Duits componist (Geising 6 Apr. 1660 - Leipzig 5.juni 1722), studeerde o.m. aan de Kreuzschule te Dresden, werd in 1684 organist aan de Thomaskerk en in 1701 Thomascantor te Leipzig. Als zodanig was hij de voorganger van J.
S. Bach, die na Kuhnau’s dood benoemd werd. Kuhnau was de eerste, die een sonate voor klavier (i.c. clavecimbel) schreef. Voor hem werden sonates alleen voor een of twee melodie-instrumenten met basso continuo gecomponeerd. Enige van Kuhnau’s sonates zijn bovendien merkwaardig omdat zij een programmamuziek bevatten over bijbelse onderwerpen: Musikalische Vorstellung einiger biblischen Historien. Behalve als musicus is Kuhnau ook literair werkzaam geweest, hij maakte vertalingen o.m. uit Grieks, Latijn en Hebreeuws en schreef een aantal verhandelingen, die belangrijk zijn voor de kennis van het toenmalige muziekleven zoals Jura circa musicos ecclesiasticos en Der musikalische Quacksalber (een satire op het italianiseren).
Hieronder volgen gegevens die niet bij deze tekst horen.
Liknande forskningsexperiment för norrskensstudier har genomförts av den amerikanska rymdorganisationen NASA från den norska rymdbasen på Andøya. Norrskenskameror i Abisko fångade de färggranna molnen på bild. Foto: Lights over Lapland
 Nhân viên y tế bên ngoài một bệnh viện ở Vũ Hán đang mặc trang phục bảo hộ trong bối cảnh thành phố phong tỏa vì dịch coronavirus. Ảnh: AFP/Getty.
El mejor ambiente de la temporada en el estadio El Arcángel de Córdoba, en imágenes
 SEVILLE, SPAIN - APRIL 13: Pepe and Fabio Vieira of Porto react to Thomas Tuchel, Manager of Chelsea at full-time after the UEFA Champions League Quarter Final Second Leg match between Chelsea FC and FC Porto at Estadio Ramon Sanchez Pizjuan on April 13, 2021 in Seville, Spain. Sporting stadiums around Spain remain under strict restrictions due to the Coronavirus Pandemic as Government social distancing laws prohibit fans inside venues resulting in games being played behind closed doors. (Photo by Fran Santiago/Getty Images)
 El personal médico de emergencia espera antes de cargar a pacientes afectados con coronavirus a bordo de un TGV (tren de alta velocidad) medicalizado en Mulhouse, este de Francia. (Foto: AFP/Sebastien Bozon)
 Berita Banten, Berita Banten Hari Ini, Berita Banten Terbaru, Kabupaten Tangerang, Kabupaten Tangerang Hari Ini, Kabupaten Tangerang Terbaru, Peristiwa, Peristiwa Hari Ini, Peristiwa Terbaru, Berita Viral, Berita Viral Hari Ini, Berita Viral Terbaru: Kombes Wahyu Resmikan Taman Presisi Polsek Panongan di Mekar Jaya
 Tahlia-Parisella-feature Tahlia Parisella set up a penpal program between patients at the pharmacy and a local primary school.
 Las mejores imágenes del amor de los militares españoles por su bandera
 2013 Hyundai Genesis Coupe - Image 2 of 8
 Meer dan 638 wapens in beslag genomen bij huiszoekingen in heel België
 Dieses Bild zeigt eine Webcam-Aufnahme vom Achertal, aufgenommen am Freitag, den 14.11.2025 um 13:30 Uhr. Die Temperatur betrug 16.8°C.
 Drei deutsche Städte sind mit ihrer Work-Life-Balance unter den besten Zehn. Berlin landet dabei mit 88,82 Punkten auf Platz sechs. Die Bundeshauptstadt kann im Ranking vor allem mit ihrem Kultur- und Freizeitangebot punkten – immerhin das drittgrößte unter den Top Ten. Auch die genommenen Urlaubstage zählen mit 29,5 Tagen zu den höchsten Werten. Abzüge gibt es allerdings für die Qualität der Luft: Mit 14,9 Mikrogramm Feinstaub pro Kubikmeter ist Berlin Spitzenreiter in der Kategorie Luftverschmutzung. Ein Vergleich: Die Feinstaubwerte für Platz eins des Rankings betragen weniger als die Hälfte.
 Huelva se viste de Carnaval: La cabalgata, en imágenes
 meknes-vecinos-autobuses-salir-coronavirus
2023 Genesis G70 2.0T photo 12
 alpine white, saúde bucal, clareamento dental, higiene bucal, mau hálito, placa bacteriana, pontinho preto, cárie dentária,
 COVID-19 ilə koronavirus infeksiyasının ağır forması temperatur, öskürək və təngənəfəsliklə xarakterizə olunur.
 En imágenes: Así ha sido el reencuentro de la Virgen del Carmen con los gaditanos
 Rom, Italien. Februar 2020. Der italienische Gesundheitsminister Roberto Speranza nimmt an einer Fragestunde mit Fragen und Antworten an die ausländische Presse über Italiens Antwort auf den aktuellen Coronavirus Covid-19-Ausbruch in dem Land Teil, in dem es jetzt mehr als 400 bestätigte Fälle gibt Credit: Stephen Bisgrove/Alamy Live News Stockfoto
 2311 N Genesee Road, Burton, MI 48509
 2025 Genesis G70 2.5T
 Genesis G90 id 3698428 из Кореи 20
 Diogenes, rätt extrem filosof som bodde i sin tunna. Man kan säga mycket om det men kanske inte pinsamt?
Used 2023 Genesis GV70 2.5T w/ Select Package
Werken: K. componeerde veel kerkelijke muziek: motetten, cantates en passies, probeerde vergeefs zijn krachten op het terrein van de opera, maar had het meeste succes met zijn klaviermuziek: Neue Klavierübung (2 bundels met elk 7 suites), Frische Klavierfrüchte (7 sonates) en de reeds genoemde 6 bijbelse sonates.
Lit.: R. Münnich, Joh. K. (1902); J. Martin, Die Kirchenkantaten J. K.s (1928).